Page d'histoire : Vincenzo Bellini Catane, 3 novembre 1801 - Puteaux, 23 septembre 1835

Cliché, Bibliothèque nationale de France

La naissance de Vincenzo Bellini pourrait passer d'autant plus inaperçue qu'il est difficile de la dater avec une précision absolue. Cette date, et l'anniversaire qu'on va célébrer, nous oriente vers le Bellini de Sicile plus que vers celui de Paris, vers l'enfant pauvre de Catane plus que vers le compositeur des Puritains, adulé des spectateurs du Théâtre italien.

Le maître de Catane se distingue du maître de Bergame, Donizetti, par une finesse plus grande de la ligne vocale, par une unité de l'œuvre que ne viendront pas gâter des contrastes trop accusés. Enfin, il est incapable de cette veine comique qui a été parfois celle de Donizetti. Son domaine est la tragédie. Même La Somnambule n'est pas une œuvre légère. Dans ses opéras, l'accent est mis sur la femme, sur l'héroïne principale, et c'est à partir d'elle que tout se déploie, le drame et la musique. Norma rejoint alors Béatrice de Tende, le rôle d'Adalgise ne pâlit pas à côté de celui de la prêtresse. Ces deux rôles sont inséparables, comme dans un jeu de doubles, et leurs duos sont des sommets.

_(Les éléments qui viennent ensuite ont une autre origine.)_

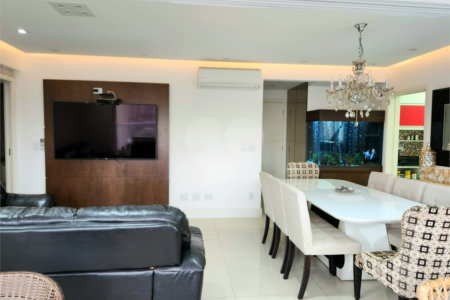 Apartamento à venda com 3 quartos, sendo 1 suíte, em Vila Firmiano Pinto, São Paulo, SP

Venu de Catane à Naples pour y faire ses études musicales, Bellini aurait pu rester un artiste local. Sa carrière de compositeur, au contraire, fut éblouissante. Au théâtre San Carlo, Bianca et Fernando lui a valu, en 1826, un succès d'estime et cette sympathie qu'attire un jeune homme de 25 ans. Mais à la Scala de Milan, le 27 octobre 1827, Le Pirate, inspiré du roman noir, est un triomphe. Les fiascos ou demi-fiascos ont été rares dans son cas : Zaïre, en 1829 à Parme, Béatrice de Tende à Venise en 1833 n'obtiennent pas le succès que ces œuvres méritent. Plus étonnant, Norma est d'abord passablement accueillie à Milan en 1831. Mais La Somnambule, la même année, dans la même ville, est un succès éclatant. Il faut que Bellini sorte d'Italie, qu'il fasse son tour d'Europe. Voici le jeune maître à Londres, à Paris. Il bénéficie du prestige d'interprètes d'exception, Giuditta Pasta, Giulia Grisi, Maria Malibran.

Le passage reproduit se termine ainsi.